40 F Temp Split


 

Jimbo M.

TVWBB Fan
Has anyone seen a 40 F temperature split between the dome temp and the top grate temp? I think maybe I overloaded my WSM, but I'm reading a 250F dome and between a 195 to 200 temp on the top grate.

I'm going to go by the dome because I know a dome temp of 250 is 235-238 on my WSM.

I ask because I have about 38lbs in 4 pork butts on the two grates. Looks like I'm in for a long haul ...
 
Jimbo,

I see this quite often with that much meat in the smoker. Hard to find a place for the probe that is not quite close to the "cold" meat. The difference should decrease once things get "cooking."

JimT
 
Thanks. Thought I had a bad probe but it seemed to measure air and an empty WSM just fine.

Yeah, I *definitely* overdid it this time. I'll be smokin' 'til Sunday I bet.
 
This is the main reason that I go by the lid temp all the time. Even my Guru Pit temp probe is in the lid vent. Being by the cold meat gives bad readings at the start of the cook.
Jim, I had 3 grates full of butts before, that was when I decided to use the lid vent. Never a problem since.
 
Bob,

I think I'm a new convert to the lid temp. I don't have a Guru, but I'm planning on adding a Tel-Tru thermo per Chris' instructions.

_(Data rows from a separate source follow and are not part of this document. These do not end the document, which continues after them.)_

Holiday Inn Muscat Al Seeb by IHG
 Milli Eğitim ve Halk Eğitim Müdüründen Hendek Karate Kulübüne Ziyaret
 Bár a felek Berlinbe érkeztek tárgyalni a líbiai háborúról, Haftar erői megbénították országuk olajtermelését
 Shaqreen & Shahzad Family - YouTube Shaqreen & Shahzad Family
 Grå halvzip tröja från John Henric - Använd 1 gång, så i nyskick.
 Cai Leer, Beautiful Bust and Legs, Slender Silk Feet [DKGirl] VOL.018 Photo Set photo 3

If the empty WSM measurement is accurate, I found I'm about 14 - 16 F hotter at the dome than at the grate. I'm pretty sure even I can handle the math to keep my grate temps 225 - 235.

BTW -- took 16 hours to cook 38# to 190. Funny, I was planning on longer, but once through the plateau with the temps being measured from the dome, things progressed nicely.